しかしながら、日銀による財政ファイナンスは何の問題もなく日本の財政問題をすべて解決してしまうものではない。ターナー氏もリスクについて言及している。

これらのプロセスにおいては、マネタイゼーションはハイパーインフレを引き起こすという古典的な懸念が金融市場を不安定化させ、国債の金利が上昇し日本円が急落するという小さなリスクはある。しかし、より確率の高い市場の反応は、肩をすくめ、恒久的なマネタイゼーションだけが制御不能な負債を安全に軽減する唯一の方法であることを認めるというものだろう。

財政ファイナンスはハイパーインフレを引き起こすことはないのか? 先ず、インフレを引き起こすとすれば、日銀が通貨を供給しているという事実であり、その印刷した通貨で日銀が何をしているかということではないだろう。
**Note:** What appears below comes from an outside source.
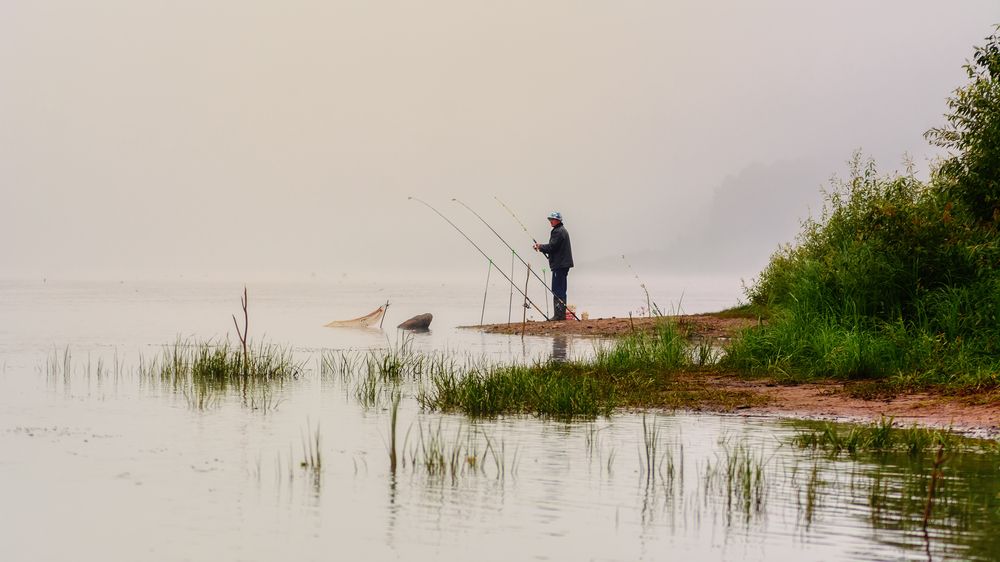 Photograph by Сергей Дишук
ハイパーインフレが起きるとすれば、それは貨幣が印刷されたからであり、国債がマネタイズされたからではない。

そして刷られた貨幣は既に供給されているが、インフレは起きていない。わたしも量的緩和に問題があるとすれば、それはハイパーインフレではなく、別の部分に現れるのではないかと思う。

そして別の問題とは、国債市場に大量の資金が流入することで生じる資産バブルである。流入した資金は社債市場や株式市場にも溢れ出し、経済の長期停滞にもかかわらず資産価格は高騰している。
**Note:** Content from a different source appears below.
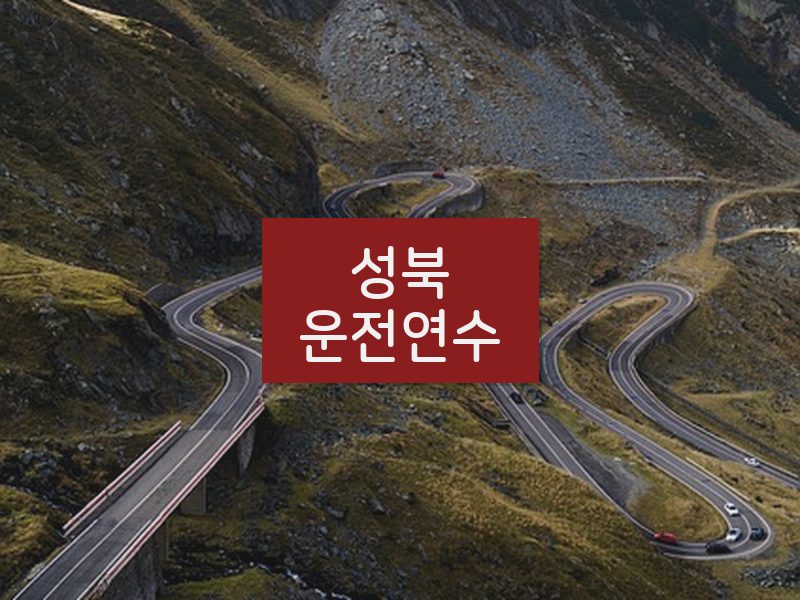성북운전연수 후기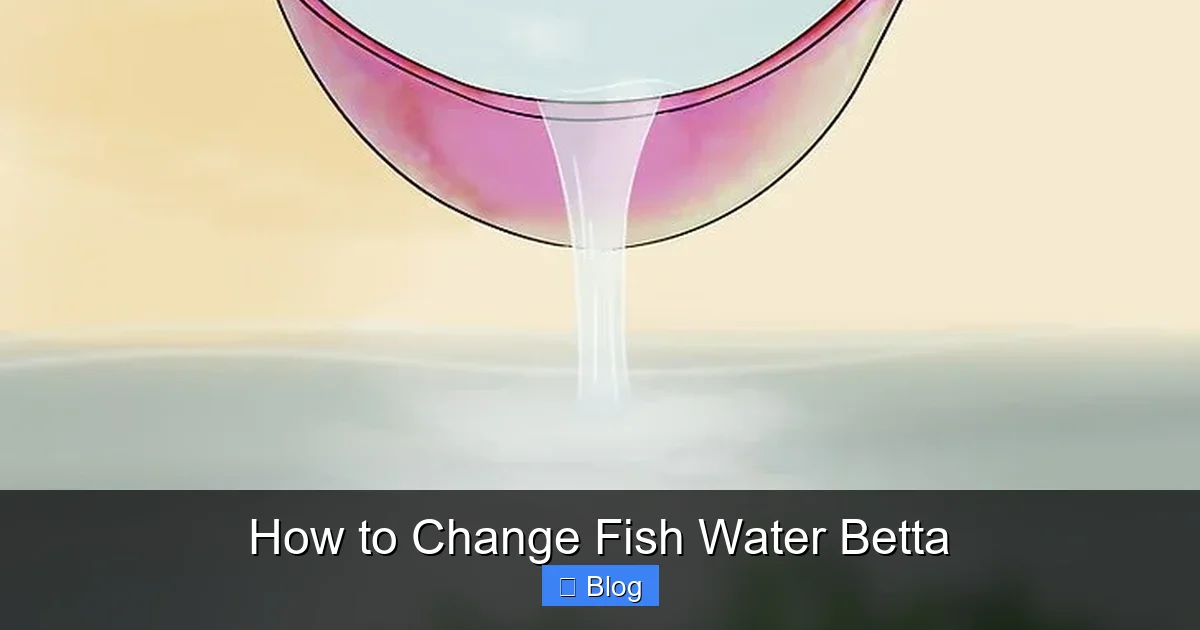 How to Change Fish Water Betta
そして流入した資金は、いずれ流出しなければならない。債券の金利が低いためにより高いリターンを求めて株式を買った投資家は、債券の金利が戻れば債券市場に戻ってゆく。これが米国の利上げがいずれは株式市場のバブル崩壊を引き起こす理由である。これについてはもう一年以上前から指摘している通りである。

長期停滞が産んだ財政赤字

そもそも、日本を含めた先進国で政府債務が増加していることは、先進国経済における長期的な需要減少、すなわちラリー・サマーズ氏の言う長期停滞が原因である。

サマーズ氏も拡張的な金融財政政策を支持しており、ターナー氏もその潮流に含まれると言って良いだろう。一方で、債券投資家のビル・グロス氏のように、長期停滞を認識しながらも資産バブルの危険性を強調し、デフレを受け入れるべきだとする論者もいる。

投資家は政治家でも中央銀行家でもないから、このような世界経済の窮状に対して対策を考えるのはわれわれの仕事ではない。しかし経済が長期停滞か、資産バブルの崩壊かという袋小路にいると分かっていれば、来たるべき経済危機を避けることは出来る。ここではそうした投資戦略を引き続き提示してゆきたいと思っている。